WHAT TO WORK ON:
Among the entries below, find the lines holding "used" and copy them.

EXTRACTED INFORMATION:
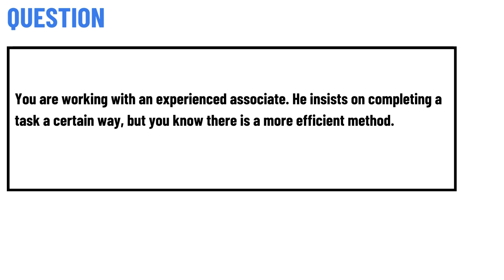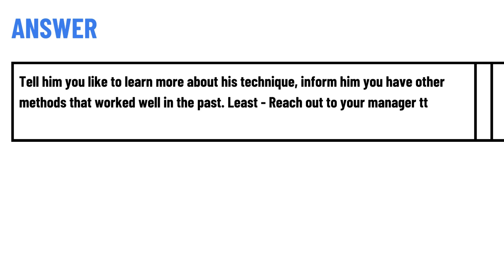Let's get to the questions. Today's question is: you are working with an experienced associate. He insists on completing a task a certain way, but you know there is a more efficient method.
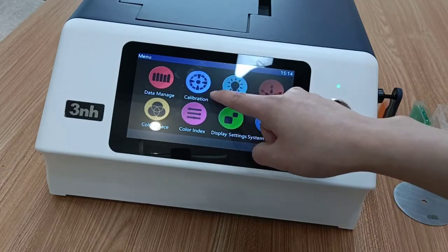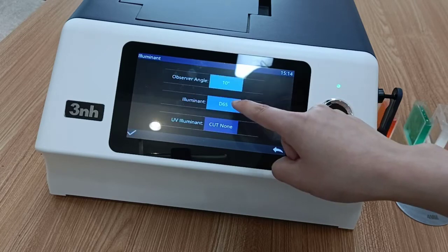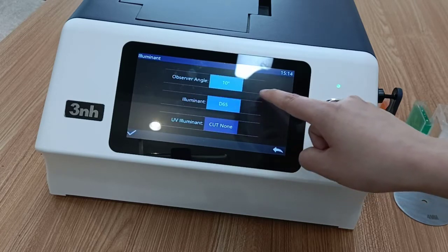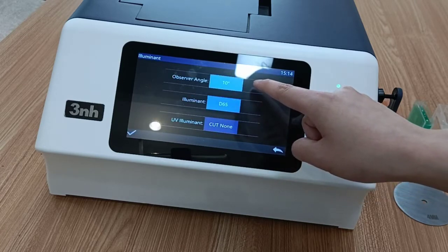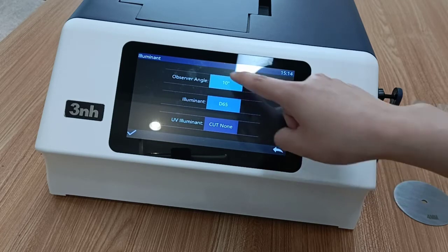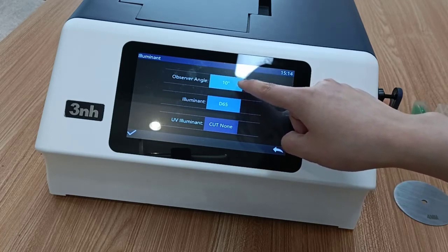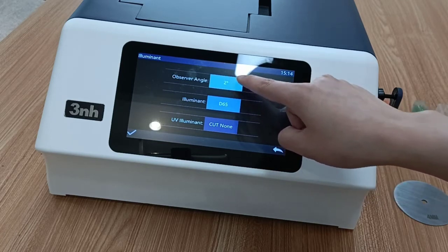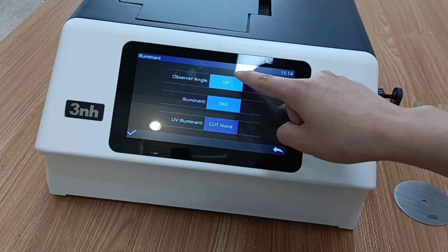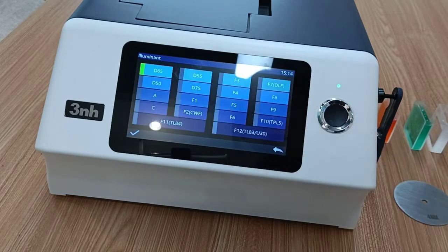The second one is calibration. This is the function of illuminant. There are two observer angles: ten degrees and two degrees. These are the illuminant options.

* * *

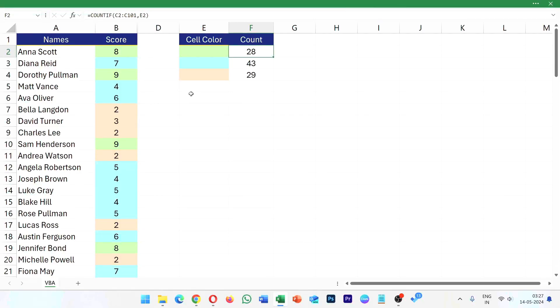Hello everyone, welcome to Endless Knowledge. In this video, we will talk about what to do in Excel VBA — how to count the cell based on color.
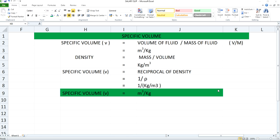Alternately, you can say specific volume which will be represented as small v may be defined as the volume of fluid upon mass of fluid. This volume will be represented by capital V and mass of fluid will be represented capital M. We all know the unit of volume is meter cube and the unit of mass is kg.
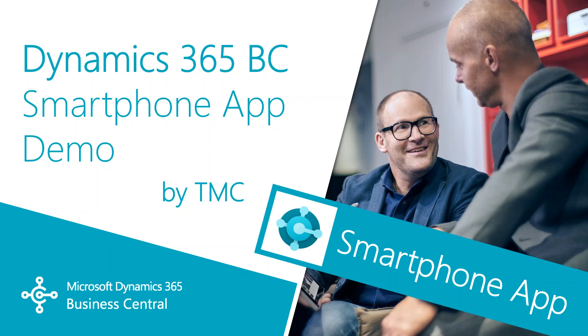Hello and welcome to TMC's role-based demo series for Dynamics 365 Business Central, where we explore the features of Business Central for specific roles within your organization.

* * *

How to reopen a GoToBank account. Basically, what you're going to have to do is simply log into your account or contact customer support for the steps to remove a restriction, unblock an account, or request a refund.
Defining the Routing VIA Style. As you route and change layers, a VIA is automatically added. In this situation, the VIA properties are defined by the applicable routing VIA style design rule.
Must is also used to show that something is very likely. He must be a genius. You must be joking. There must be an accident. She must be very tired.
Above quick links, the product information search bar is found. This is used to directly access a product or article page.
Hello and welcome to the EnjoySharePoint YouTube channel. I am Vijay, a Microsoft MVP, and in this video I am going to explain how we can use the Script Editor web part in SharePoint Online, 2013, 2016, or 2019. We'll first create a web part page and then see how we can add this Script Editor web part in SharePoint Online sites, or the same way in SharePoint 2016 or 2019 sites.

ANSWER SPACE:
Must is also used to show that something is very likely. He must be a genius. You must be joking. There must be an accident. She must be very tired.
Above quick links, the product information search bar is found. This is used to directly access a product or article page.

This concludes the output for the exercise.